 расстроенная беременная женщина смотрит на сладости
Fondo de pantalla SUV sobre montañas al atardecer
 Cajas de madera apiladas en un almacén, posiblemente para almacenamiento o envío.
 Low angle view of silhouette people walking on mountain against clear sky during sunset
---
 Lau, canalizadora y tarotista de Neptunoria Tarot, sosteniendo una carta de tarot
--
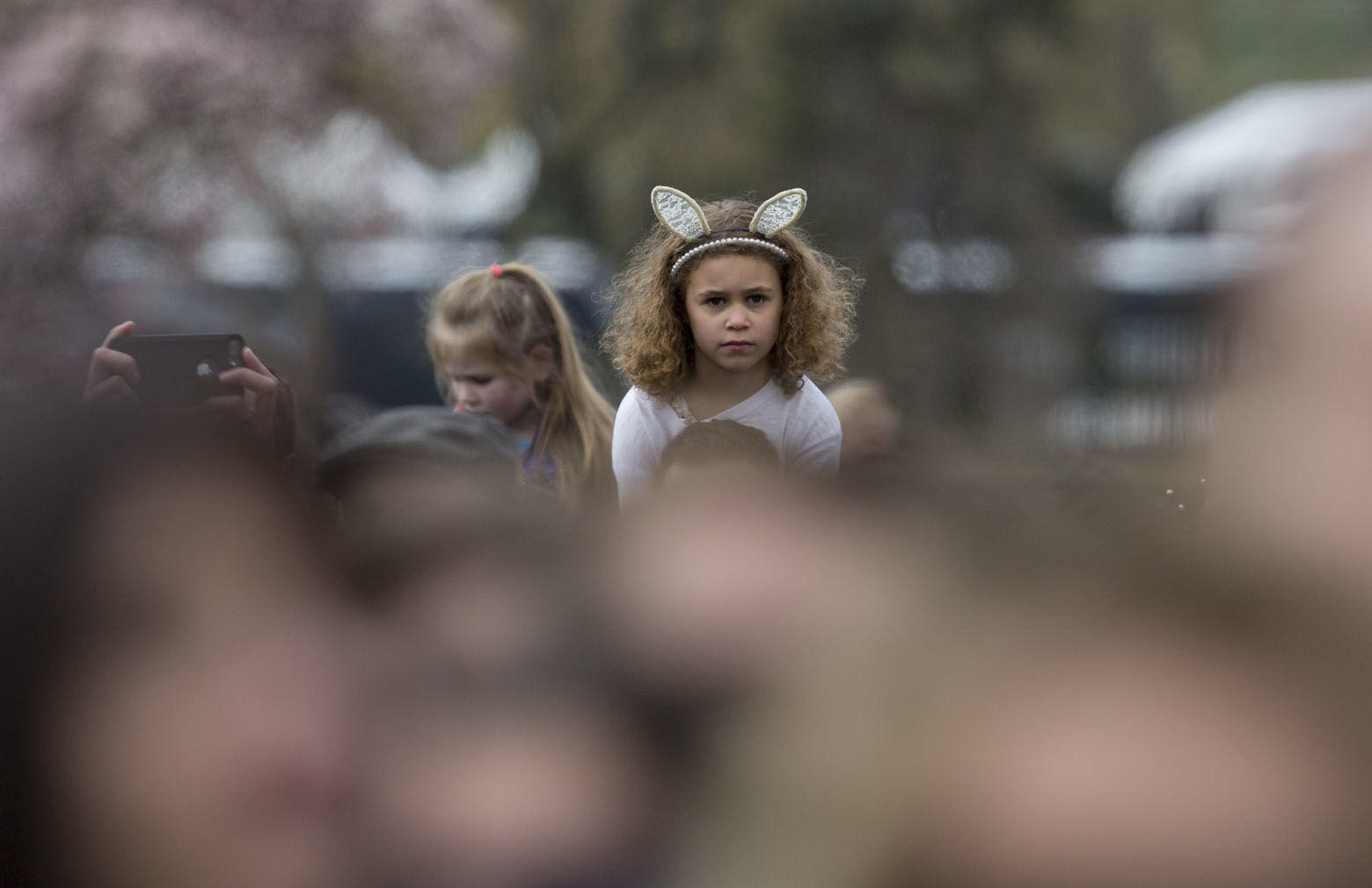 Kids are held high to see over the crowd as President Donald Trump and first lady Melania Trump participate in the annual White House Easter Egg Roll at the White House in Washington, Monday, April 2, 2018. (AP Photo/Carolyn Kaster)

▶ Your assignment
Using the listing above, return word for word each line from the one that has "Fondo de pantalla" through the one that has "Low angle view", and no line outside that range.

▶ Solution to the exercise
Fondo de pantalla SUV sobre montañas al atardecer
 Cajas de madera apiladas en un almacén, posiblemente para almacenamiento o envío.
 Low angle view of silhouette people walking on mountain against clear sky during sunset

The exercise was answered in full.